Wednesday, 23 March 2011

A pathetically irrelevant Budget

Spent the Budget participating in a Daily Record online forum. I was particularly taken with ‘Gasper’ who after 45 mins asked ‘if there was any news on fags?’ And the death of Liz Taylor caused a bit of a stir amongst fellow contributors. Tricky keeping up with the detail in these circumstances but it was good fun nonetheless (sorry Liz). In any case, the Chancellor’s statement is never, ever the full story (remember GB’s removal of the 10p tax rate?). Some surprising stories will undoubtedly emerge over the next few days as people work out the detail.

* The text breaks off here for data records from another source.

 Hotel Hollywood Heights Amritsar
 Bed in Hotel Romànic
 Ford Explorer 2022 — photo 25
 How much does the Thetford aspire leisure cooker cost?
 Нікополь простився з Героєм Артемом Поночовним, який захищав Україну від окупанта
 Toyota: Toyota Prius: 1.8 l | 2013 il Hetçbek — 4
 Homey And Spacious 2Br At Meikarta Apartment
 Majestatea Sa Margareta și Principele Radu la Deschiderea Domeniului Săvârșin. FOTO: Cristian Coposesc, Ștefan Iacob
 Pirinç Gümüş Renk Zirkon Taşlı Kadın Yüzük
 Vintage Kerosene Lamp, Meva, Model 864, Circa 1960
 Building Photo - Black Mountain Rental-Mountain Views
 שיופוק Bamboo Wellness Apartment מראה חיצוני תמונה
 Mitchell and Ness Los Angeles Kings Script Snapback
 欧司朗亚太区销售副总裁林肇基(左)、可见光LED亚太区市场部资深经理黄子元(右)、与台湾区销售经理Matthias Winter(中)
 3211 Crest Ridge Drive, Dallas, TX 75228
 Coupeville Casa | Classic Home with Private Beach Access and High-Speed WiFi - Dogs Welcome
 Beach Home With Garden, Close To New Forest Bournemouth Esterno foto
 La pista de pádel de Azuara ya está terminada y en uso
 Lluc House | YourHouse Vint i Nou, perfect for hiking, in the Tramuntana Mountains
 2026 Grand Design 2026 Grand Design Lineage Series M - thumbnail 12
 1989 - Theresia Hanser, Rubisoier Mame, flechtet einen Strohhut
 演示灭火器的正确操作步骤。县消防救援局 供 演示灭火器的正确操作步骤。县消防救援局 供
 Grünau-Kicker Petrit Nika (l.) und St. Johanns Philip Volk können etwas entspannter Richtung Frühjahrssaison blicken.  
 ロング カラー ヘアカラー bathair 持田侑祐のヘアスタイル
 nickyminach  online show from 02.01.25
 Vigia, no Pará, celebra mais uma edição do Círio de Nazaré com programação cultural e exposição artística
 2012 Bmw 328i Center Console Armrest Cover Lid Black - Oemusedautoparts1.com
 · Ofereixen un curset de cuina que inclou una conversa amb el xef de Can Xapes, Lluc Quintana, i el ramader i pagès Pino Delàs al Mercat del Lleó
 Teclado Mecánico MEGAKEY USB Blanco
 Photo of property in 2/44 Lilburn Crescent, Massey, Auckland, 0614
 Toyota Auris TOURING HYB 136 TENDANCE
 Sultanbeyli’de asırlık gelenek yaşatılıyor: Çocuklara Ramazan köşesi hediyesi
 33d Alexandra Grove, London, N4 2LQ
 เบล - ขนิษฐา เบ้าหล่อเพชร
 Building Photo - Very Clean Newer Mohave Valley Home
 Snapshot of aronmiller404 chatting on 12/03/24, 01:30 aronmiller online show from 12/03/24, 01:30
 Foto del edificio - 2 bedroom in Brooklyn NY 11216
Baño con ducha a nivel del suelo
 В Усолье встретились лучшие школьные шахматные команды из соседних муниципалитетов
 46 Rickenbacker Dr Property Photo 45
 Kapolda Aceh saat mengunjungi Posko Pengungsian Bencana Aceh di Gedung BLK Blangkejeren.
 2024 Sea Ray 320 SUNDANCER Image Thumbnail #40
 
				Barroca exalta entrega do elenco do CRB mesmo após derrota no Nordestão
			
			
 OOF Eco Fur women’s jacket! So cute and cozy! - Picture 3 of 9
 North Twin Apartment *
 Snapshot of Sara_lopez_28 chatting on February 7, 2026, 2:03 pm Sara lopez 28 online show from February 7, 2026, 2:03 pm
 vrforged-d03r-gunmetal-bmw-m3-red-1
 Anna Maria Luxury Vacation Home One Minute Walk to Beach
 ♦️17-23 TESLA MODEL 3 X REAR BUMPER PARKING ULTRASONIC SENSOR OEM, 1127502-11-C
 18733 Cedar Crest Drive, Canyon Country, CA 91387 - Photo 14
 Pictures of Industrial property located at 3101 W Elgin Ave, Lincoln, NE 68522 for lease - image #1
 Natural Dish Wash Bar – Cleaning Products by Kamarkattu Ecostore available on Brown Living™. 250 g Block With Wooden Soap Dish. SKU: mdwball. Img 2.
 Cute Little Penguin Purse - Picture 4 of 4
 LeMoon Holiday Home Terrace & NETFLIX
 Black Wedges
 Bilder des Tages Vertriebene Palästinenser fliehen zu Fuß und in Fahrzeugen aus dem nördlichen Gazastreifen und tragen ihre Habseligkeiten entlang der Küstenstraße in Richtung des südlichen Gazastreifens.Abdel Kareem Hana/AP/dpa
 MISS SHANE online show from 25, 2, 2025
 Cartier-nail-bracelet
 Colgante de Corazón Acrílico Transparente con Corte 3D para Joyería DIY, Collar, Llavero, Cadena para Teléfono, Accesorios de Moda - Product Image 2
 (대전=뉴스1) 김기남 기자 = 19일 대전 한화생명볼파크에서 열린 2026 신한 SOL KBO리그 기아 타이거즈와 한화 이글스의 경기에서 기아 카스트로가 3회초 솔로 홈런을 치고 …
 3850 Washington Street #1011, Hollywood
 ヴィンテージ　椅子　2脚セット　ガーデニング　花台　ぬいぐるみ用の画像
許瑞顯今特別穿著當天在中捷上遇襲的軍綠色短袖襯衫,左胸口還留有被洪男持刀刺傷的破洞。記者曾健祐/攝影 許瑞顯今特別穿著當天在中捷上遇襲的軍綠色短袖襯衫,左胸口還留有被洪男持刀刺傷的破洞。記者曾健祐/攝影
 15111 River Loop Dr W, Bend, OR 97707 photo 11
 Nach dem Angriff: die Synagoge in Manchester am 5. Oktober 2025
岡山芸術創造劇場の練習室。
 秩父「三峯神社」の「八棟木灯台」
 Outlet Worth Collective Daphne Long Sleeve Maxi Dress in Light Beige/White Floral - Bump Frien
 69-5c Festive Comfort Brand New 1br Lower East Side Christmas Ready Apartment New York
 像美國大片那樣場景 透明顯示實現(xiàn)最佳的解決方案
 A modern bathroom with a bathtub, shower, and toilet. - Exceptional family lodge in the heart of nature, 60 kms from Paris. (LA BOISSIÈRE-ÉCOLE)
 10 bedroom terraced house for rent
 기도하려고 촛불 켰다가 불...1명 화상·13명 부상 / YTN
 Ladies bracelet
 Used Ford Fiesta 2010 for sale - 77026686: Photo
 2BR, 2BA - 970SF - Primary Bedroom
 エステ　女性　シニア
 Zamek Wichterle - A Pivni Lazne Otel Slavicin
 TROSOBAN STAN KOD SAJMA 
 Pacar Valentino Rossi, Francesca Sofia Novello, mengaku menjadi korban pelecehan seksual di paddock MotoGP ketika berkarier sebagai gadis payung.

What did we learn from the speech?

Not much we didn’t already know. Gideon is a deregulator. Gideon doesn’t like talking about unemployment; particularly when it is high and rising as a result of his actions. Gideon couldn’t care less about vulnerable workers and the meagre protection afforded to them in the UK workplace. Gideon is an ideologue. But to the detail…

Somewhat inconveniently for a ‘Budget for Growth’ it started with a downgrade of the OBR’s growth forecast from 2.1% to 1.7% for 2011; its growth forecast for next year is 2.5% compared to the OECD’s forecast of 2.0%. The forecasts have been raised for 2013 and 2014 but, as the FT has already noted, this is a mechanical extrapolation which does not reflect anything the OBR knows about these years.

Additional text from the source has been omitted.